= High Performance Computing Wales =

High Performance Computing Wales (HPC Wales) was a £44million five-year project (2010–2015) to provide Wales with a world class facility in High Performance Computing, accessible to both academic and commercial organisations based in Wales. The project aimed to give Wales a supercomputing capacity and network at a scale not attempted anywhere else in the UK or Europe. It is being followed by another five-year, £15million programme of investment called Supercomputing Wales.

HPC Wales invested in state-of-the-art computing technology, infrastructure and facilities on a pan-Wales basis, high level skills development and training. It was estimated that the project would result in the creation of over 400 jobs.

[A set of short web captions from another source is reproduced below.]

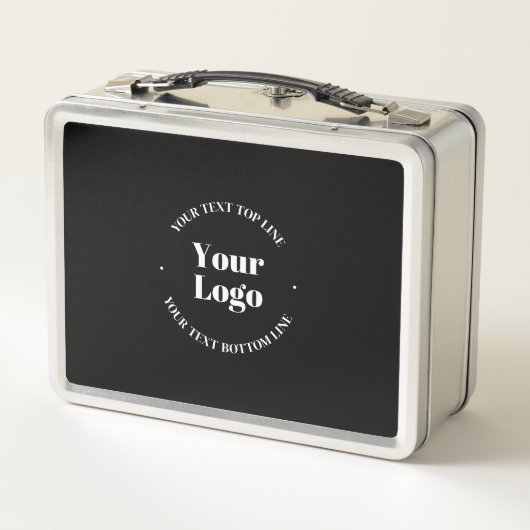 ビジネスロゴとカスタマイズ可能な文字テンプレート メタルランチボックス (裏面)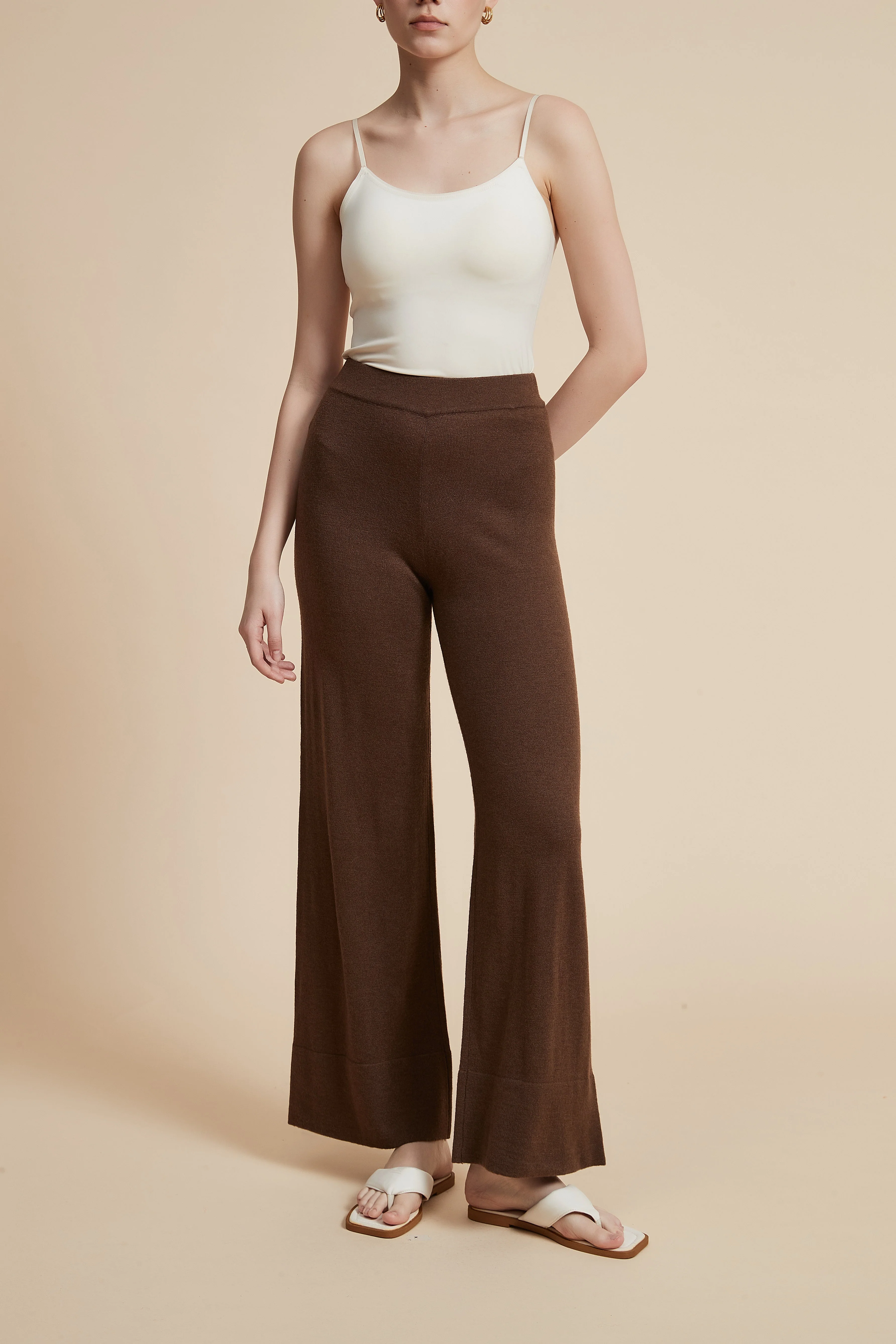 Plain Wide Leg Trousers - Image 6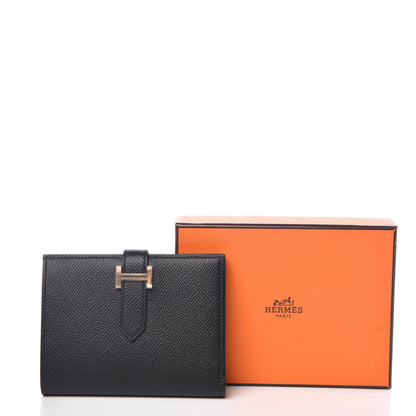 Hermes Epsom Bearn Compact Wallet Black 8 of 8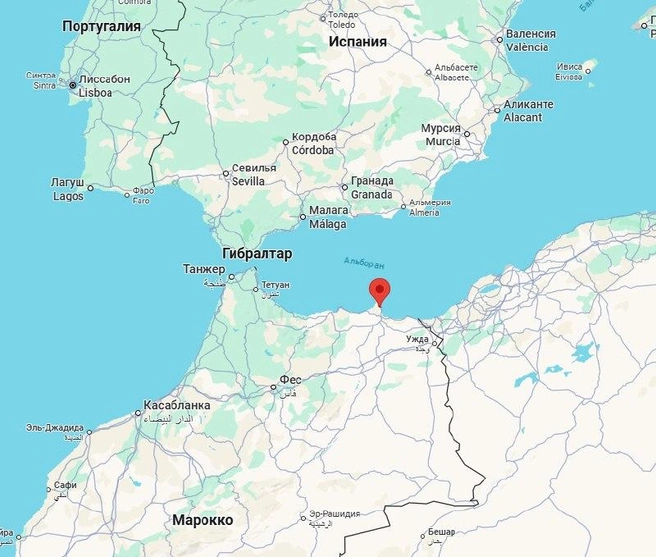 точкой обозначено расположение Мелильи | Источник: Google Maps
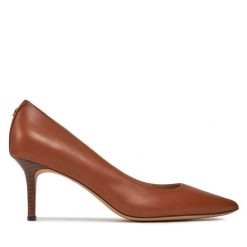 Szpilki LAUREN RALPH LAUREN. Brązowe szpilki Lauren Ralph Lauren, bez wzorów, bez obcasa, na szpilce, bez zapięcia. Za 569.99 zł.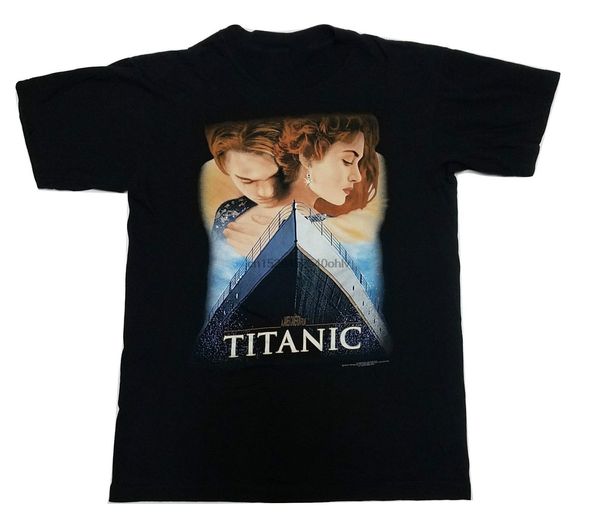 

rare vintage titanic leonardo dicaprio kate winslet movie o-neck short loose t-shirt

The project is financially supported by:
- £19m from ERDF and ESF European funds channelled through the Welsh European Funding Office
- £10m from the Department for Business, Innovation and Skills
- £4m from collaborating academic institutions
- £5m from the Welsh Assembly Government
- £2m private sector and research income

Announced in December 2009 by then Welsh Secretary Peter Hain, the project was formally launched in July 2010 by Deputy First Minister and Minister for the Economy and Transport, Ieuan Wyn Jones.

Two main computer hubs were created in Cardiff University and Swansea University, with connection to partners Aberystwyth, Bangor, Glamorgan, the University of Wales Alliance Universities and Technium business innovation centres around Wales. Professor Ian Cluckie was Chair of HPC Wales's Procurement Committee, and Pro Vice Chancellor for Science and Engineering at Swansea University.